Wednesday's Emotional Setup: Bands I Am Allowed To Obsess Over

I am slowly (very, very slowly) paring down the CD collection. I've done the hard part, already mentioned, of paring out all the stuff I might conceivably get rid of and now I just need the time to go through it all. Without buying new things (unfortunately, Hot Rocks and The Original Sound Of Sheffield 78/82 et al continue showing up at my house).

So I've been thinking a lot recently about my buying habits, and about what, really, I need to own. Well, need is a bit much (and a terribly misused word, to boot); what I want to own. Take, to big an already mentioned example, the Rolling Stones. Does the collection I have include every single Stones song I like? No. But do I really need to get any more of their stuff? I don't think so.
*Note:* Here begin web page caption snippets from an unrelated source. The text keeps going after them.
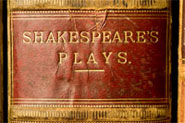 Book spine saying Shakespeare Plays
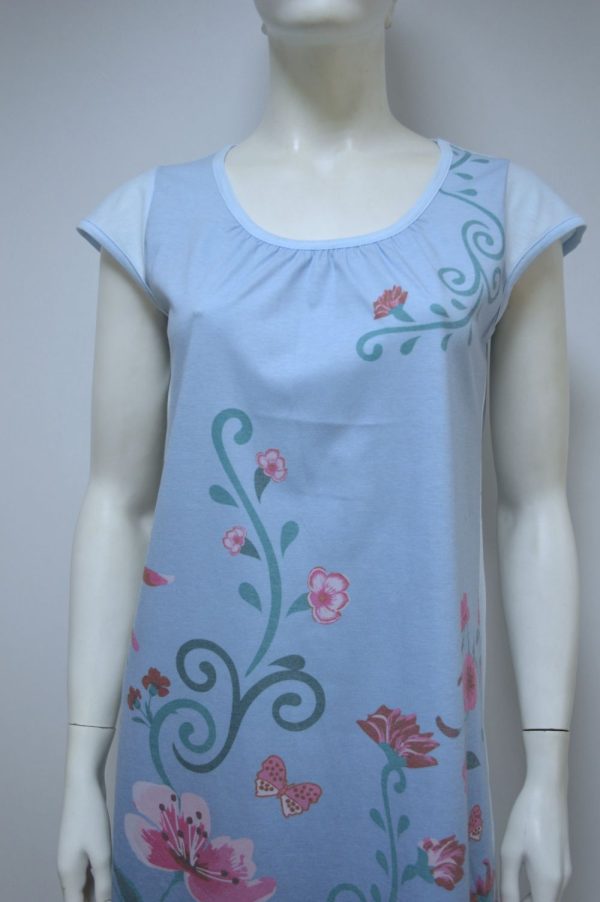 Camisa de senhora de manga curta, Azul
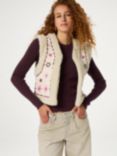 Fabienne Chapot Timmy Embroidered Stars Faux Sheepskin Gilet, Warm White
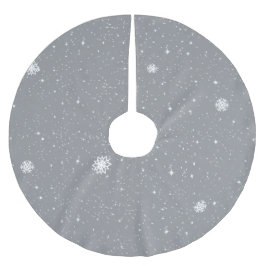 Saia Para Árvore De Natal De Poliéster Flocos de Neve Simples no CINZA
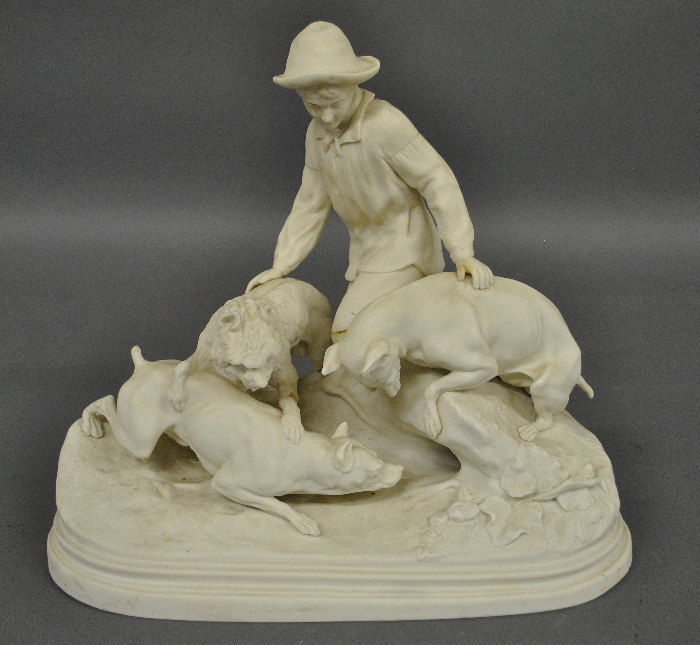 Appraisal: - French Parian Ware figural group by Copeland As found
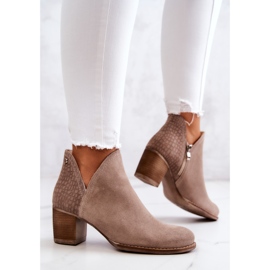 PL3 Botas Mujer Piel Con Tacón Gris Larsa 4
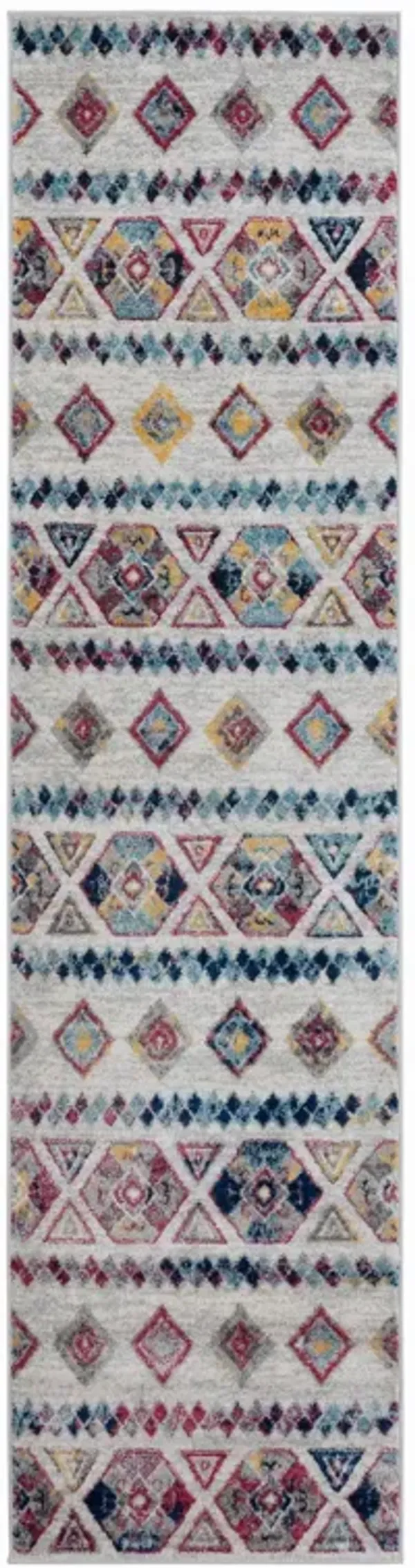 10' Geometric Power Loom Runner Rug - Ivory Blue And Orange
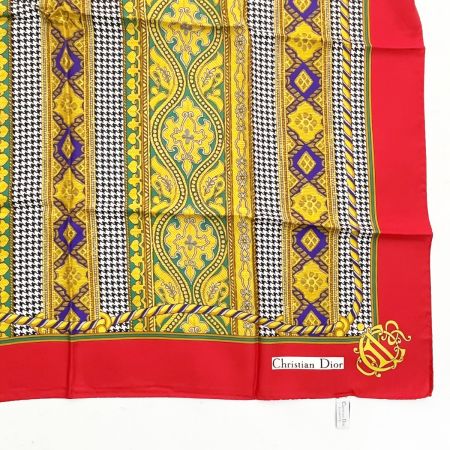  Christian Dior クリスチャンディオール シルクスカーフ 千鳥格子 レディース 赤 レッド ゴールド 柄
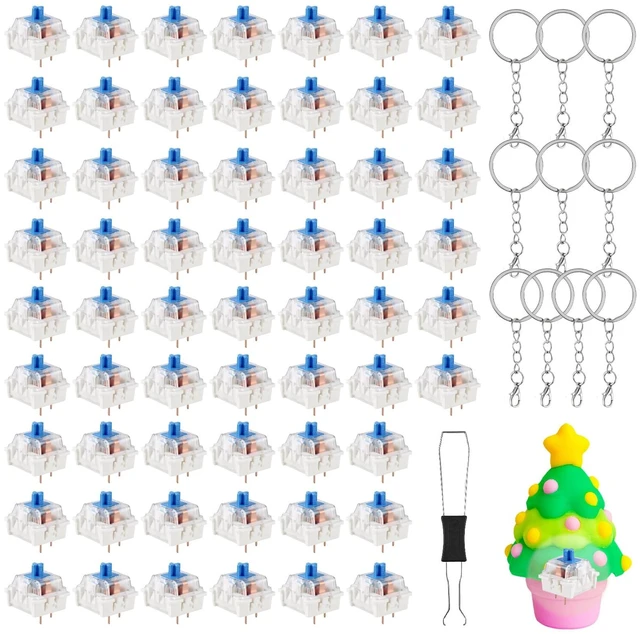Main image of 120 Pcs Keyboard Clicker for 3D Prints, 3-Pin Clicky Tactile Mechanical Keyboard Switches, Blue Switches for 3D Printed Clicker Fidget & Gaming Keyboards with Switch Puller & 10Pcs Metal Keychain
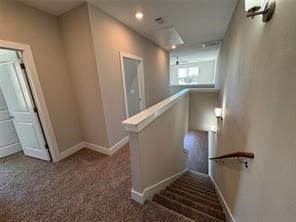 staircase featuring carpet floors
And that got me thinking about the bands that I do need to get more stuff from. I don't mean the bands I have one album by and want more (Mclusky) or where I want the album period (British Sea Power), or the ones where one or two more things and I'm pretty sure I'll never need anything else by them (Slowdive). I mean the ones where I have basically said to myself, "Self, we all need to have some indulgences in life. This band is one of them. If you see anything of quality by them and you have money, you must buy it. You will thank me later".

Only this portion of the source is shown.